The bounds for integration are \(0\leq x\leq 5\), \(0\leq z\leq 1\), and \(0\leq y\leq 1-z\). Hence the integral becomes
\begin{eqnarray*}
\iiint_S z\,dxdydz&=& \int_0^5\int_0^1\int_0^{1-z}z\,dydzdx\\
&=&\int_0^5\int_0^1z(1-z)\,dzdx\\&=&\int_0^5\left(\frac12-\frac13\right)\,dx\\
&=&\frac5{6}.
\end{eqnarray*}
Problem 3. Find the volume of the solid in the first octant that is located between the surface \(y=z^2\) and the plane \(x+y=4\).
The volume is equal to the integral \(\iiint_S 1dV\), where \(S\) is the described solid.
The solid is shown in the picture below. You should imagine that the front green face is made of glass. Then the glass is broken and you can now see inside the blue wall (which belongs to the surface \(y=z^2\)), and the yellow wall on the back (which belongs to the plane \(x+y=4\)).
The solid \(S\) is given by:
\[S=\left\{(x,y,z): -2\leq z\leq 2, z^2\leq y\leq 4, 0\leq x\leq 4-y\right\}.\]

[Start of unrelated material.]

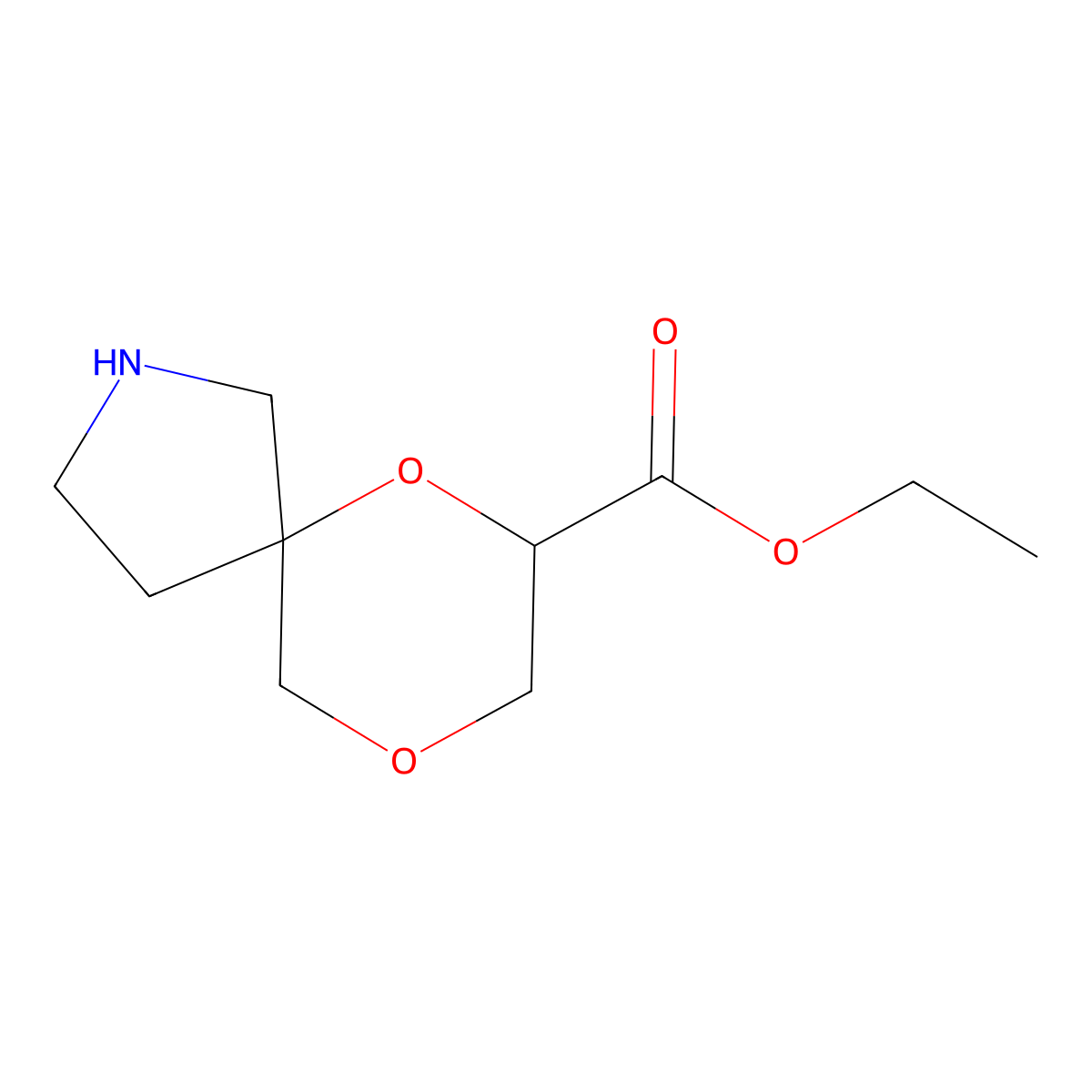 Ethyl 6,9-dioxa-2-azaspiro[4.5]decane-7-carboxylate molecular structure, CAS 2580220-03-5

Hence the volume can be found in the following way:
\begin{eqnarray*}
\iiint_S 1\,dV&=&\int_{-2}^2\int_{z^2}^4\int_0^{4-y}1\,dxdydz=\int_{-2}^2\int_{z^2}^4 \left.x\right|_0^{4-y}\,dydz\newline &=&
\int_{-2}^2\int_{z^2}^4 (4-y)\,dydz=\int_{-2}^2\left. \left(4y-\frac{y^2}2\right)\right|_{z^2}^4\,dz
\newline &=&\int_{-2}^2\left(16-8-4z^2+\frac{z^4}{2}\right)\,dz= \left.\left(8z-\frac43z^3+\frac{z^5}{10}\right)\right|_{-2}^2\newline
&=&32-\frac{4}3\cdot 2^4+\frac{2^5}{5}=\frac{256}{15}.
\end{eqnarray*}
Problem 4. Evaluate the integral \[\int_{-1}^1\int_0^{z^2}\int_0^y \frac{z+\tan\frac{z}{x^2+y^2+1}}{x^2+y^2+1}\,dxdydz.\]
Let \(f(x,y,z)=\frac{z+\tan\frac{z}{x^2+y^2+1}}{x^2+y^2+1}\).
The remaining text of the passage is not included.